June 2 (Bloomberg) -- KKR & Co. is shutting its equity hedge fund, about three years after hiring former Goldman Sachs Group Inc. proprietary trader Bob Howard to run it.
“We have decided to close KKR Equity Strategies and return capital to investors,” New York-based KKR said in an e-mailed statement. “We would like to thank Bob Howard and the team for their dedication to the firm and exceptional professionalism in serving our clients.”
The $510 million KKR Equities Strategies fund, which was started in August 2011, was liquidated last week, according to a person with knowledge of the matter who asked not to be identified because the information is private.
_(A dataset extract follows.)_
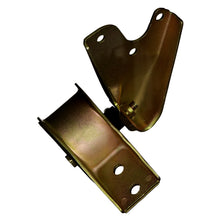 Load image into Gallery viewer, Left Transmission Mount Fits Smart Cabrio model 450 City Coupe Crossb Febi 24191
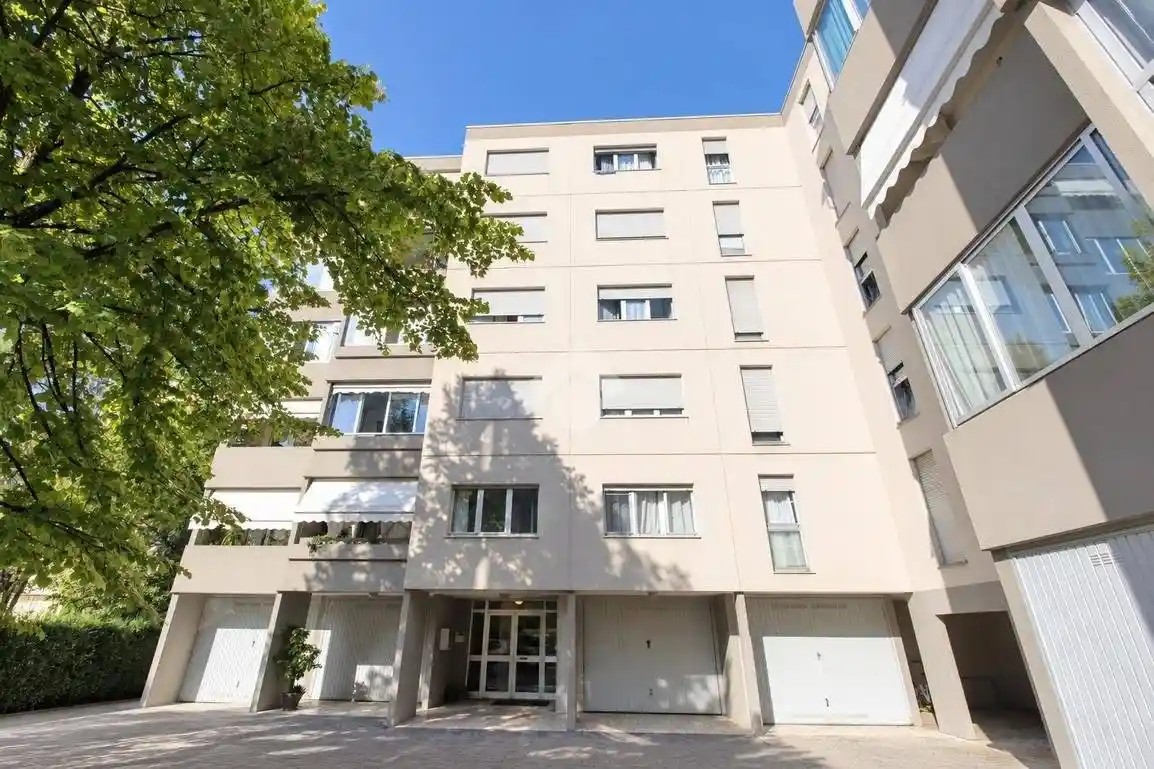 Appartamento in vendita a Vicenza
The fund had less than 20 outside clients who had $337 million invested, money that will be returned starting this month, the person said.
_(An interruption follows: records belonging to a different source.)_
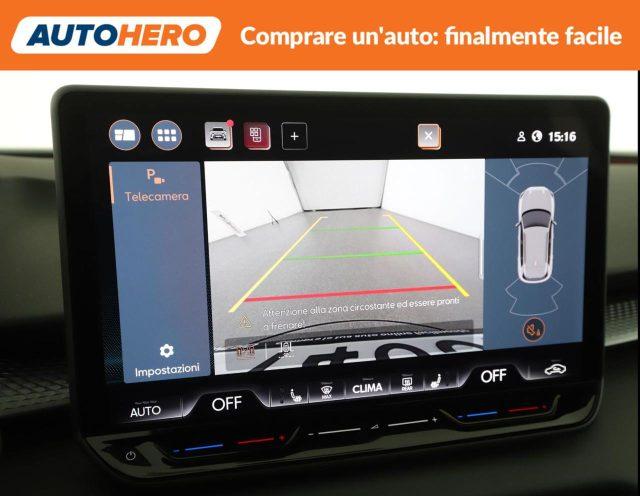 CUPRA Terramar 2.0 TSI 204 CV DSG 4Drive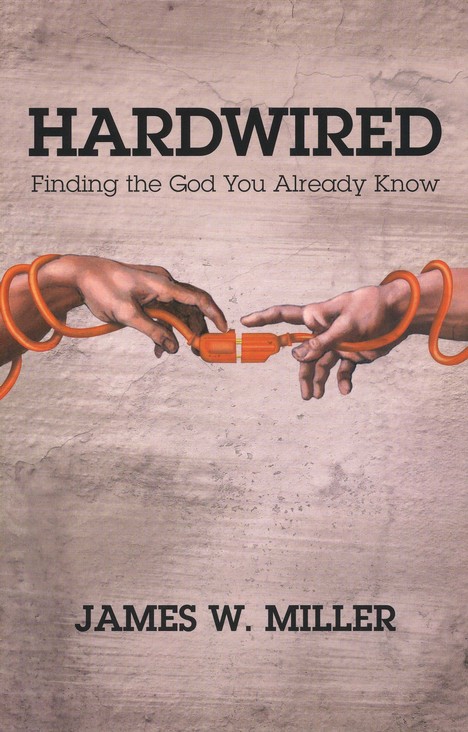 hardwired book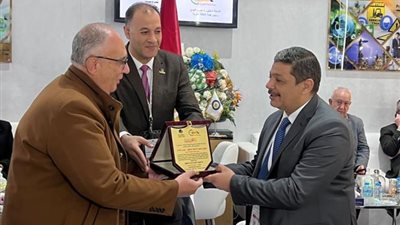 الطاقة الذرية وبتروسيف توقعان بروتوكول تعاون في مجال الوقاية الإشعاعية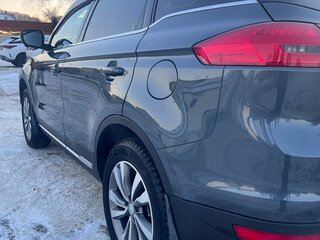 2019 Geely Atlas I, серый, 1800000 рублей, вид 3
Howard is the latest former proprietary trader to leave an investment bank and join the $2.7 trillion hedge-fund industry, only to struggle with making money and attracting assets. Pierre-Henri Flamand, who ran Goldman Sachs’s global proprietary-trading unit before setting out on his own, shut his hedge-fund firm in 2012 after two years because of losses and as assets dwindled.
Howard’s fund gained about 15 percent since inception, the person said. That compares with a 7.1 percent return from equity hedge funds in the same period, according to data compiled by Bloomberg.
The dozen employees who made up the KKR Equity Strategies team were notified of the decision to shutter the fund on May 30, the person said. Most of them worked with Howard at Goldman Sachs, where he ran the U.S. desk of its principal strategies group.
Howard joined KKR in 2010 to start its first hedge fund. KKR gave Howard, a partner at the firm, $100 million to start the fund, according to marketing documents.
Arvind Raghunathan, 50, the former head of Deutsche Bank AG’s global arbitrage business who left with his team in 2009 to start Roc Capital Management LP, shuttered that hedge fund last year after losing money.
Portman Square Capital LLP, founded by ex-Citigroup Inc. proprietary-trading unit head Sutesh Sharma, 51, last year opened with about $100 million, less than a fifth of the amount originally sought. CEO Andy Mack resigned this year and the firm is reducing operations.
Flamand closed his Edoma Partners LLC in November 2012, a little more than two-and-a-half years after starting the hedge-fund firm. Man Group Plc said last month that Flamand will join the company as a senior money manager.
KKR said it will be focusing on KKR Prisma, a unit that has invested more than $10 billion in hedge funds, and the building of strategic stakes and backing of the firms. Last year KKR agreed to buy a 24.9 percent stake in Nephila Capital Ltd., a Bermuda-based firm that makes reinsurance-related investments.
KKR said it will also concentrate on its credit hedge funds that have about $800 million in assets. The firm last year bought Avoca Capital to expand its European credit business.
Buyout firms including Blackstone Group LP and Carlyle Group LP have built hedge fund investment units to diversify beyond private equity. Blackstone has grown its hedge fund investing unit, Blackstone Alternative Asset Management, into the world’s largest with $58 billion, according to its website.